Já as beatas, sentadas na primeira fila, se entreolhavam e diziam: “O que
essa quenga veio fazer neste lugar tão sagrado?”.
Por falar em quenga, conta ainda a lenda que numa
noite de domingo, no jardim da praça matriz, quando estava repleta de
conterrâneos e conterrâneas, “dona Fulô” desceu dos tamancos, coisa que nunca fizera antes. Maria das Graças, uma
fofoqueira juramentada, sem motivo algum, a humilhou na frente de todos,
chamando-a quenga sem qualidade.
Sem titubear, “dona Fulô” deu-lhe um sopapo
no pé do ouvido, que ela foi ao solo. Retrucou "dona Fulô": "Por que quenga, se eu nunca desrespeitei ou maltratei alguém?". De lá para cá, Maria das Graças, a fofoqueira
juramentada, passou a frequentar o consultório de um médico otorrinolaringologista,
a fim de cuidar da parcial surdez, adquirida e não hereditária.
Naquela cidadezinha interiorana, todos os
homens de posse ou não, belos ou não, sonhavam em despojar a “dona Fulô”. Ela tinha todas as
medidas certas, para ser a ideal esposa, mãe e dona de casa. Eu mudei-me da Terrinha
ainda na adolescência, por isso, não sei se algum conterrâneo teve tamanho
privilégio.
Como os anos se passaram depois que deixei o
meu torrão natal, a “dona Fulô” é hoje a querida e amada “vovó Fulô”. Será que as mãos pesadas do tempo, deformaram o corpo e a beleza dela?

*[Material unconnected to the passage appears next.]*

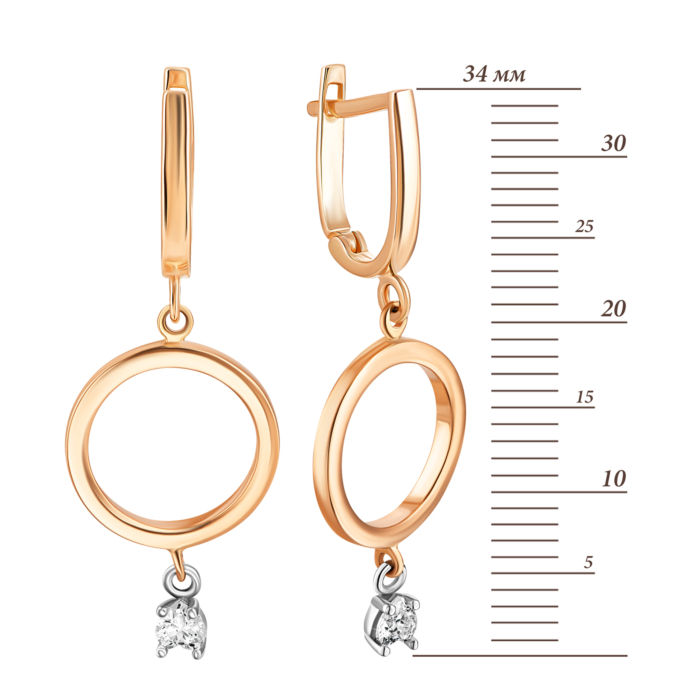 Золотые серьги-подвески с фианитом. Артикул UG52/10/252кб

Eu espero que não. Enquanto dissertava sobre este causo real ou pitoresco, quase declinei o sobrenome dela. Pecado mortal. Tempos
atrás estive lá, procurei e não a encontrei. Os moradores atuais, não sabem quem é Maria Florisbela dos Prazeres, a “dona
Fulô”, uma mulher culta, bela e elegante.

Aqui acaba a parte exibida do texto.